Backblaze is a company that provides online backup. They started five years ago and now deploy 75 petabytes of storage. They are quickly approaching 30,000 drives in service. They elected to install consumer-grade drives, not the server-grade, industrial strength ones. People told them they were crazy, but it’s worked out OK. They have a ton of data on hard drive failure rates.
Recently they wrote a blog post that details their current knowledge of failure rates. I recommend you go read the whole article because it’s quite interesting. But here’s the Cliff Notes version.
Drives last 6 years.
Well, that’s sort of true. They are extrapolating 5 year data, to 6 years, and arriving at the point where 50% of the drives fail. That becomes the median failure rate. In other words, if their projection holds up (and we’ll have to wait a year or more to see), 50% of drives will fail before 6 years. Which also meads 50% will continue to run. But wait…there’s more!
The Bathtub Curve.
Reliability engineers point to a curve called the Bathtub Curve. It shows three things; the early failure rate, a constant failure rate, and the parts wearing out failure rate. When overlaid on top of each other, it looks a bit like a bathtub.
This curve mirrors what Backblaze finds as well.
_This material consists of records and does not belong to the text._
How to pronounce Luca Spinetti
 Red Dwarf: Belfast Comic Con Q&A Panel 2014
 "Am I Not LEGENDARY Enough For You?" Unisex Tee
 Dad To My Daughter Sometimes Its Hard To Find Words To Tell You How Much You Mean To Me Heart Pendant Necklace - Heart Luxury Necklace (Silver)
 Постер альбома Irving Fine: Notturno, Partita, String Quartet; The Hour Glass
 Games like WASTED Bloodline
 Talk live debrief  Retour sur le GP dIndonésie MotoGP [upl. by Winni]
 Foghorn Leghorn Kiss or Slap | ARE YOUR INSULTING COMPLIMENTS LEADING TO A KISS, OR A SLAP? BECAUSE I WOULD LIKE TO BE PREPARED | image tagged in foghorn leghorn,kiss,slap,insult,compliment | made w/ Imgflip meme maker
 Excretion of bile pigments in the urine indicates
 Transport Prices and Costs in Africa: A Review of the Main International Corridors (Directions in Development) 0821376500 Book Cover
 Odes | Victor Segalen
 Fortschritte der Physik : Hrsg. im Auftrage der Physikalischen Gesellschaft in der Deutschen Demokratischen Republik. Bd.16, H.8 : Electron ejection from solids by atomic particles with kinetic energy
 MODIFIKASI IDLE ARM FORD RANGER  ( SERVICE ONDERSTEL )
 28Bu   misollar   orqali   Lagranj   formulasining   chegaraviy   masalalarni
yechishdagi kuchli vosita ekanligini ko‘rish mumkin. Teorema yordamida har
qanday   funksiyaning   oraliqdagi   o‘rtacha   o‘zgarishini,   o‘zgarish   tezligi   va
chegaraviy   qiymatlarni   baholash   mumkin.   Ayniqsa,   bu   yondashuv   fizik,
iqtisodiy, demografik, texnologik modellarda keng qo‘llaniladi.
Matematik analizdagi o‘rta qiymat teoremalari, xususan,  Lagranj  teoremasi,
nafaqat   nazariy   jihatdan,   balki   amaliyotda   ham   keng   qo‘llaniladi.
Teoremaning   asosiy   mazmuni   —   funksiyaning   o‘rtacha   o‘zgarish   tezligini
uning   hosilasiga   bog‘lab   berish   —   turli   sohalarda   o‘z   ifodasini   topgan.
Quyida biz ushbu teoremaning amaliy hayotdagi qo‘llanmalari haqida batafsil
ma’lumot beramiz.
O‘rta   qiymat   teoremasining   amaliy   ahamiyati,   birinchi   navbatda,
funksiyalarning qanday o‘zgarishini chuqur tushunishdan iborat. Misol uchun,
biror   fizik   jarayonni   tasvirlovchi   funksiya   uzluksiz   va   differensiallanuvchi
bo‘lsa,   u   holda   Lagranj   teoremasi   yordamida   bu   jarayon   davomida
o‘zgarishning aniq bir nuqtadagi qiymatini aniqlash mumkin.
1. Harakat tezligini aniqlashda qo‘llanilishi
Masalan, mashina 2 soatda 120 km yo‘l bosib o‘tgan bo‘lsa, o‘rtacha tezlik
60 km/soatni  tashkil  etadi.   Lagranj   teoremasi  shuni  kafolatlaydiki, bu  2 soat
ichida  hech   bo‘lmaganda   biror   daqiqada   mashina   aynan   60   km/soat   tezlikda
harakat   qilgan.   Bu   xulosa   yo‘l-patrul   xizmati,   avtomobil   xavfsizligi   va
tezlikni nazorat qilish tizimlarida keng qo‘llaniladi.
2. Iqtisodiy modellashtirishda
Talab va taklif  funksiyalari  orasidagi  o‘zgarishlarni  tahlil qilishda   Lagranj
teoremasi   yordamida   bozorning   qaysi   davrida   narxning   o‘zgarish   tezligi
Indeed, I would say this is what I’ve tended to see in my much more limited experience. Backblaze finds that drives have three distinct failure rates. From their post:
- For the first 1.5 years, drives fail at 5.1% per year.
- For the next 1.5 years, drives fail LESS, at about 1.4% per year.
- After 3 years though, failures rates skyrocket to 11.8% per year.
The early rate is the “infant mortality” rate; those that likely have some sort of manufacturing defect. However, if the drive survives the first year and a half, they seem to do quite well. After three years however, parts start to wear out. As mechanical devices, bearings will wear, heads will wear, and even the magnetic properties will change. At that point, almost 12% begin to fail.
While that looks like a huge jump, keep in mind that after three years, more than 80% of the drives are still working. So that’s not too bad.
What does this mean for us?
I think it means what it always meant: we have to back up regularly. For every mission critical drive, we need to have a hot backup that can be swapped in quickly in case of failure. If it’s not a RAID copy, having a clone of the drive with the most current data possible will make it much easier to get up and running when the drive fails.
Also, I think having a policy of replacing mission critical drives on a regular basis is a good idea. I’ve personally settled on a 3-year replacement policy for most of my drives, and that’s just based on my experience. Interestingly, it seems to be mirrored by this data. I could probably stretch it out to 4 years because I have good backups, but drives are so inexpensive now, it seems to make sense to replace them.
I would love to see a study like this with SSDs. My gut tells me we’ll be on a 3-year plan with those as well, but we’ll have to wait and see.
Like everything, planning is everything. Knowing our drives will fail makes it easy to justify backups as well as money in the budget for replacements. Remember, when it comes to drives, it’s not a question of “if,” but “when.”